WORK TO COMPLETE:
Your output should be an exact copy of the records, with no pictures in it.

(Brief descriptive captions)
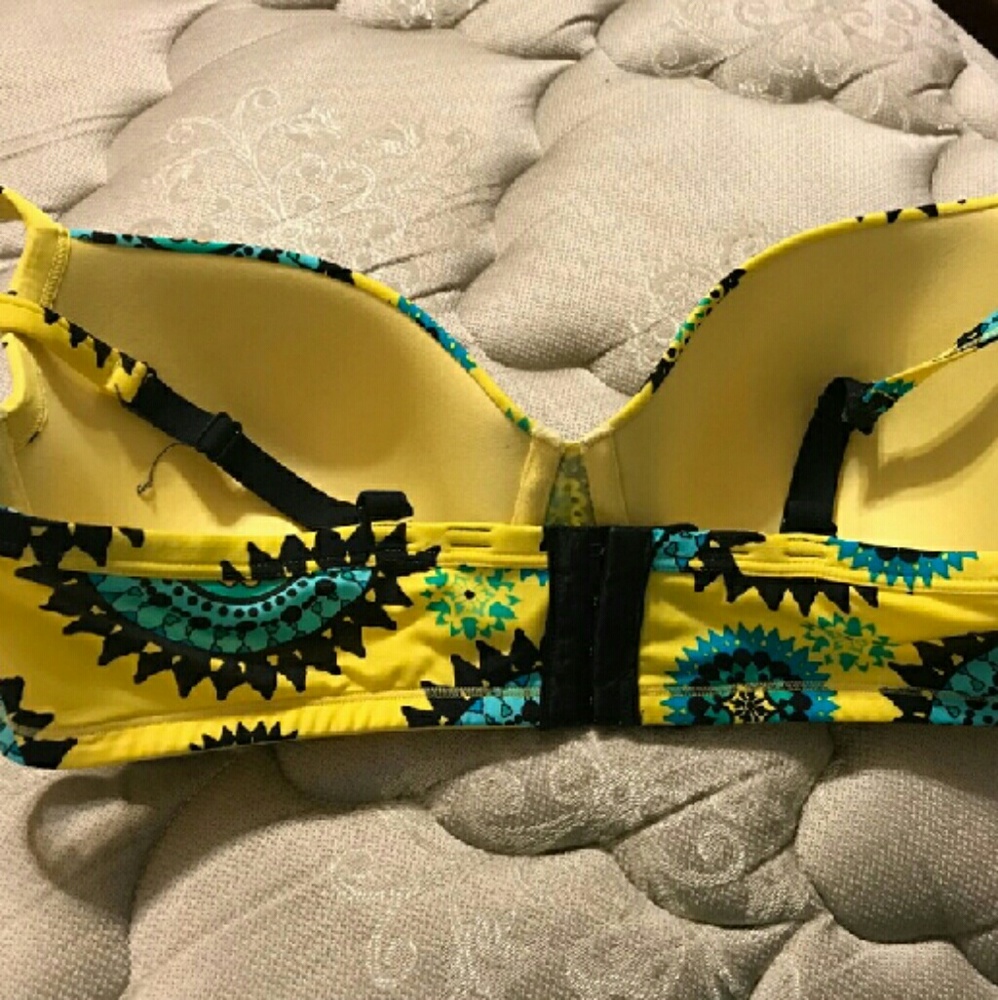 Cacique Bra - Picture 3 of 3
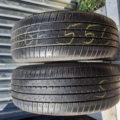 Автошина Bridgestone Dueler H/L 33 235 /55 R19 101V Літо Вживаний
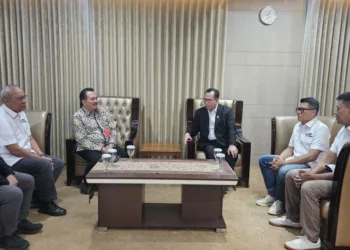 BRIN Puji SiDoni PMI Tangerang, Siap Jadi Standar Nasional?
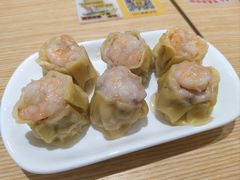 -满记甜品(南京虹悦城三店)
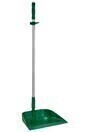 13" Vertical Dustpan with Aluminium Handle #TQ0JO784000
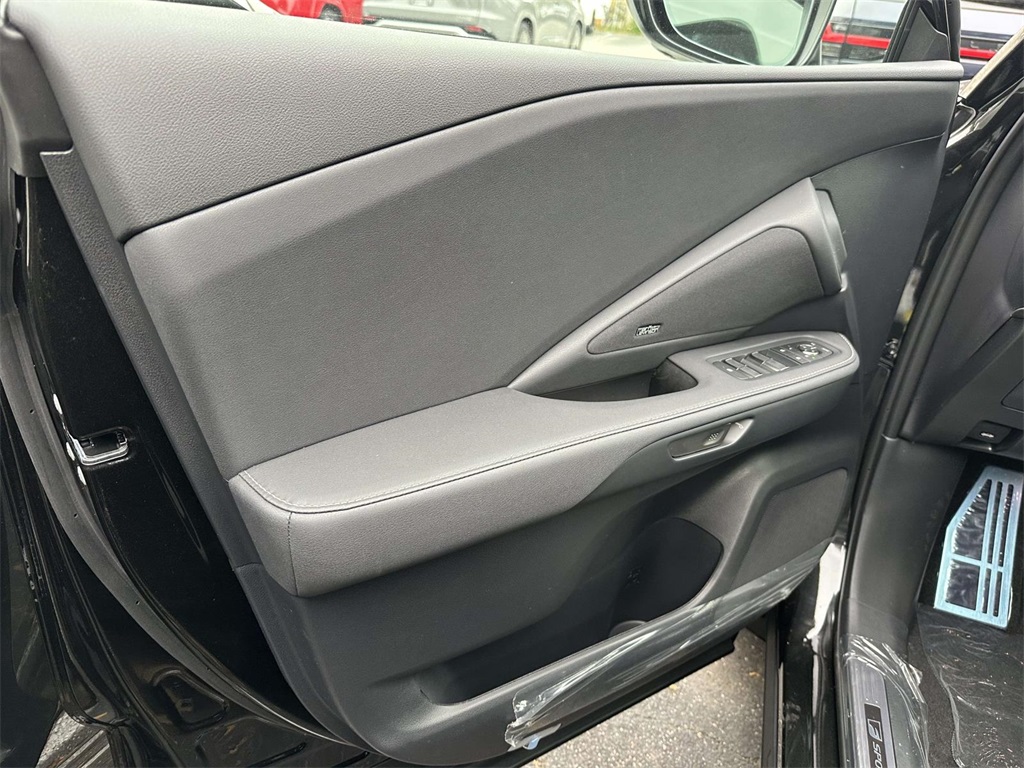 new 2026 Lexus TX car, priced at $70,633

SOLUTION TO THE PROBLEM:
 Cacique Bra - Picture 3 of 3
 Автошина Bridgestone Dueler H/L 33 235 /55 R19 101V Літо Вживаний
 BRIN Puji SiDoni PMI Tangerang, Siap Jadi Standar Nasional?
 -满记甜品(南京虹悦城三店)
 13" Vertical Dustpan with Aluminium Handle #TQ0JO784000
 new 2026 Lexus TX car, priced at $70,633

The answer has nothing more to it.